The next three chapters (the rest of the book) show you how to transform your data model into one of the three scheams: relational, object-relational, or object-oriented. Each chapter follows a similar structure, showing you the transformation of the following elements:
Structures
Relationships
Business rules
Design guidelines
Data definition languages
Finally, the last stage of building your data model is the intergration of all the different views into a single shared conceptual model. You generalize comcepts brought together into class hierarchies. You integrate business rules and resolve any logical conflicts between them. Lastly you step back and look at the big picture to optimize the total view of the system.
You are now at the point where the rubber meets the road. Unfortunately, you are in a computer game where the road changes its character depending on where you are and what tools you are carrying. Moving from the data model to the schema is a tricky process. You must find your way through the maze of culture,
you must understand the tools available, and you must understand how to leverage what you are carrying with you. Good luck, and do watch our for the human sacrifice in Chapter 12.
Chapter 11: Designing a Relational Database Schema
Thou shalt prepare a table before me against them that trouble me: thou hast anointed my head with oil, and my cup shall be full. But thy loving-kindness and mercy shall follow me all the days of my life: and I will dwell in the house of the Lord for ever.

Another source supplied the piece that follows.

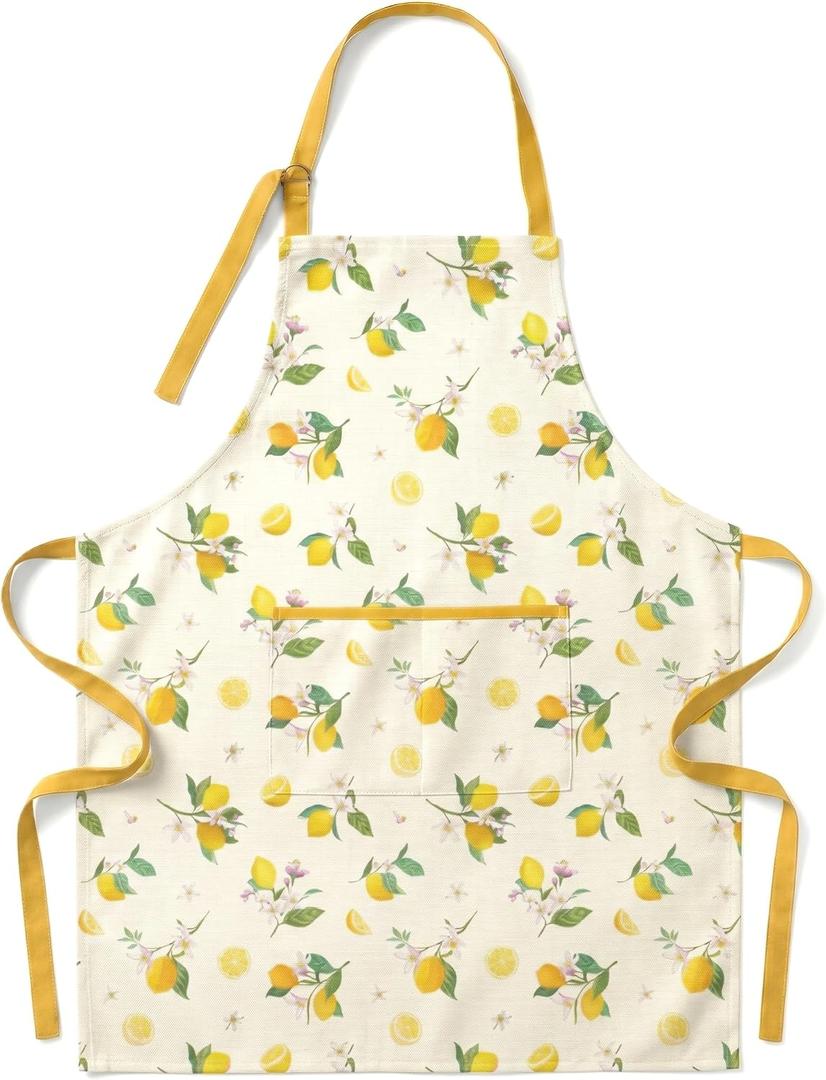 Apron for Women with Pockets, Cooking & Baking | Linen-textured, adjustable neck strap, divided pockets, cooking and baking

Church of England Prayer Book, 23:4
Overview
Transforming a data model into a database schema is not easy, but it's not going to put another person on the moon either. The techniques for turning an ER model into a relational model are well understood [Teorey 1999, Chapter 4]. Transforming a UML data model into a relational database uses these techniques and adds some more to take some of the expanded features of such models into account. The first three sections of this chapter go into detail on the structures, relationships, and constraints of your UML data model and their transformation into the relational schema. The next section of the chapter discusses the concept of data normalization. You really can't talk about relational databases without talking about normalization. If you approach it from the OO perspective, though, you can eliminate much of its complexity and detail. It is still important to understand how your database structure meets the "normal" requirements of the relational world, but it's much easier to get there from an OO data model.
The last section summarizes the sequence of steps you take to transform the OO data model into an SQL-92 schema. It also shows you some of the specialized things you can do by using the nonstandard elements of a database manager, in this case Oracle7.